As late as 1657, a farcical stand-off between the Yarmouth and Cinque Ports men resulted in a special Brotherhood and Guestling being held in Hythe. John Finch, a Hythe jurat and Alexander Bennett had been elected as bailiffs. They went to Yarmouth, and as usual presented the papers of their written commission to the Yarmouth magistrates. They had taken off their hats while doing so, and then replaced them. The Yarmouth men took immediate offence, and insisted they take their hats off again while the commission was read out loud. Finch and Bennett refused.  The Yarmouth men then left the hall en masse and refused to recognise them as Bailiffs.

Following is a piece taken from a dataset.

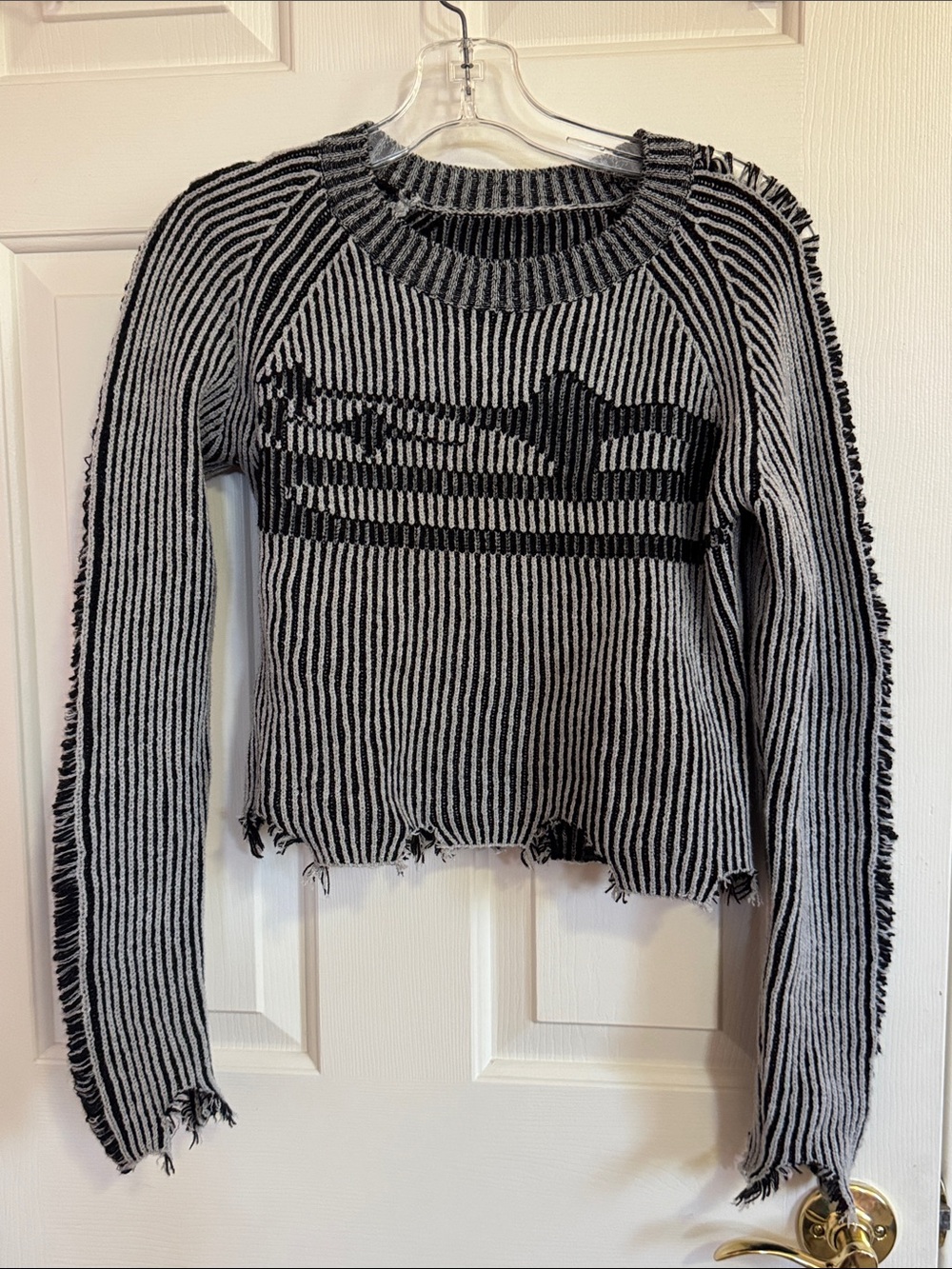 Black & Gray Striped Crewneck Sweater Top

After kicking their heels for three days but making no progress in the impasse, Finch and Bennett went home and complained that they had been insulted.  The meeting agreed, but said they should have stuck it out and fined them ten pounds each.

It is small wonder, given the potential pitfalls that the honour of being the Cinque Ports Bailiff to Yarmouth was not eagerly sought after.  In 1619, the Brotherhood and Guestling, which appointed the Bailiff, searched in vain for their nominees. Mr Beadle, of New Romney had lived outside the town for a month before to make himself ineligible. The second choice, Mr Brett was simply ‘gone from home’.

Three years later, when Hythe should have provided a Bailiff, no-one wanted to go, so the corporation asked a former mayor, living in Canterbury. He said he was ill. John Benbricke of Rye was chosen instead, but said he had resigned as a jurat so was not eligible. His colleagues said they had refused his resignation and he must go. Reluctantly, he set off on the long journey.

Quite from the chilly reception, the length of the trip must have been a I’mdeterrent. The Bailiff was expected to stay in Yarmouth from towards the end of September until early November. That was a long time away from earning ones livelihood, and probably time that most of the jurats could ill-afford. By the end of the century the tradition had been allowed to fall into abeyance.